Mapping out the high-dimensional state space would be valuable for better understanding the multistate quantum systems. Here, we demonstrate that high-dimensional spin state space can be mapped onto a tensor diagram in full dimension or self-similarly onto the reduced base state space. Based on the tensor diagram, a modular approach is proposed to construct spin eigenfunctions taking the basis of the lower-dimensional space as modules. The implementation of the approach on exciton pair states results in 16 spin eigenstates including 2 singlet states, 3 triplet states, and 1 quintet state with proper symmetry, in contrast to the ones generated using the conventional branching diagram method.
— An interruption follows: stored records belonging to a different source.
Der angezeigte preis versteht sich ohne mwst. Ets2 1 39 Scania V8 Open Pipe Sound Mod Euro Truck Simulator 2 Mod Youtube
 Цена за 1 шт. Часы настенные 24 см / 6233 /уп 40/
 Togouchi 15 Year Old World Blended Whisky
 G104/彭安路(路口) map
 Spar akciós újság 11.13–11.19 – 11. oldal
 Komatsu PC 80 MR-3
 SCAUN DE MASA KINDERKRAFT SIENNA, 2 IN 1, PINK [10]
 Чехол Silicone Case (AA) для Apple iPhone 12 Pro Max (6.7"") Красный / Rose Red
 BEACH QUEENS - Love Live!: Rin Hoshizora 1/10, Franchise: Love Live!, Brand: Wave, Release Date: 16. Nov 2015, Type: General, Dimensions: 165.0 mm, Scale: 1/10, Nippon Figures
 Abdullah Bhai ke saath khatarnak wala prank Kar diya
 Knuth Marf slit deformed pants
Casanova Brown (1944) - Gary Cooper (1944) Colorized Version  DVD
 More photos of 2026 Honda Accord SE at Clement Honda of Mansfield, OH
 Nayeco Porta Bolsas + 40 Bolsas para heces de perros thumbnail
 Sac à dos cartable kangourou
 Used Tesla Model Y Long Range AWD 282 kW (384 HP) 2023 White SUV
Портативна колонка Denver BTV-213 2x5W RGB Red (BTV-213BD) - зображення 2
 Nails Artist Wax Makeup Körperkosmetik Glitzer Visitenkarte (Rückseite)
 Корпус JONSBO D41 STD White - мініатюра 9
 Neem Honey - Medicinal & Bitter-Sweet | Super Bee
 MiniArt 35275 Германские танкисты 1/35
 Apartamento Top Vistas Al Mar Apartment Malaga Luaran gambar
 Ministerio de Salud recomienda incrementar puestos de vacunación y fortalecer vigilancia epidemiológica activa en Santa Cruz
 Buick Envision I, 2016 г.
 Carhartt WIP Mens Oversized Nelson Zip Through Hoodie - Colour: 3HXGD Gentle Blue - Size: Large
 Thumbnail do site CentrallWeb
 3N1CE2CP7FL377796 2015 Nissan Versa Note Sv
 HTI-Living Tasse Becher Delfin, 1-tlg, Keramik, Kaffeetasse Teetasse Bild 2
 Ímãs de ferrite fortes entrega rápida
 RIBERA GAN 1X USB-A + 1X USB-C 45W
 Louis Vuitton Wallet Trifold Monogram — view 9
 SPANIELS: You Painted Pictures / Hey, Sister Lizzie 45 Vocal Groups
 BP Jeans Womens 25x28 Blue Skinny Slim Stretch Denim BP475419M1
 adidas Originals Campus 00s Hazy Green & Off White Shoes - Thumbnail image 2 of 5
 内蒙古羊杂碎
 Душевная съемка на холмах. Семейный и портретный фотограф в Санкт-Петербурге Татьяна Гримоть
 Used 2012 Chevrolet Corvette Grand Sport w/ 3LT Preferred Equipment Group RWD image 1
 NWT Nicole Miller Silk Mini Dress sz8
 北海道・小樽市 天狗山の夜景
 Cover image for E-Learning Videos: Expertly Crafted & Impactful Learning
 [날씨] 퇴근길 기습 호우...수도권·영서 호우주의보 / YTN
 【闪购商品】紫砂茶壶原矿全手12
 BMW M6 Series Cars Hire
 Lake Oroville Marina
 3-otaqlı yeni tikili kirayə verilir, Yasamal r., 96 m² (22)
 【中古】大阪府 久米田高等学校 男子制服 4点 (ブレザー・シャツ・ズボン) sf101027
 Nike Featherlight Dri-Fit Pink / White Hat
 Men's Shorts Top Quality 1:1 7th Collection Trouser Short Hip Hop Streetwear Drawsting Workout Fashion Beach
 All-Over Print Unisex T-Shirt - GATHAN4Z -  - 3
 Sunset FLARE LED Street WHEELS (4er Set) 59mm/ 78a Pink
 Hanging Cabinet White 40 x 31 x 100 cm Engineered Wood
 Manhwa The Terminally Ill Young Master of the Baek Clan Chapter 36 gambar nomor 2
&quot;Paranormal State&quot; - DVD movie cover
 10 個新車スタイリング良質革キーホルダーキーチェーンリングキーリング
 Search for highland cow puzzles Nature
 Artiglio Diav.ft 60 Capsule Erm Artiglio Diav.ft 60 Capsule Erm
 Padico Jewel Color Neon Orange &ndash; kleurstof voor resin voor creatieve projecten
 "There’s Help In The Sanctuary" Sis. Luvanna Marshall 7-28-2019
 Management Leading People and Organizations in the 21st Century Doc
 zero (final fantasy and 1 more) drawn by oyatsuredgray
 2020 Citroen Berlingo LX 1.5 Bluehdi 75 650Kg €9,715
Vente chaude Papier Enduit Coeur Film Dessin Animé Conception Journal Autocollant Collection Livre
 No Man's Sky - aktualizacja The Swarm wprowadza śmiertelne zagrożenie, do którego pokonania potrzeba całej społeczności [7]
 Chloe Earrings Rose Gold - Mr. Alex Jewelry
The corresponding state energies obtained show the order of spin eigenstates reverses with respect to spin multiplicity. Interestingly, the state space can be decomposed into three subspaces corresponding to the singlet-singlet pair, singlet-triplet pair, and triplet-triplet pair, resulting in a modular structure that is invariant as intermolecular interactions diminish. The proposed approach offers a new perspective on the state space structure of multiple spin states, featuring a hierarchical symmetry, which could be extended to general high-dimensional quantum multistate systems.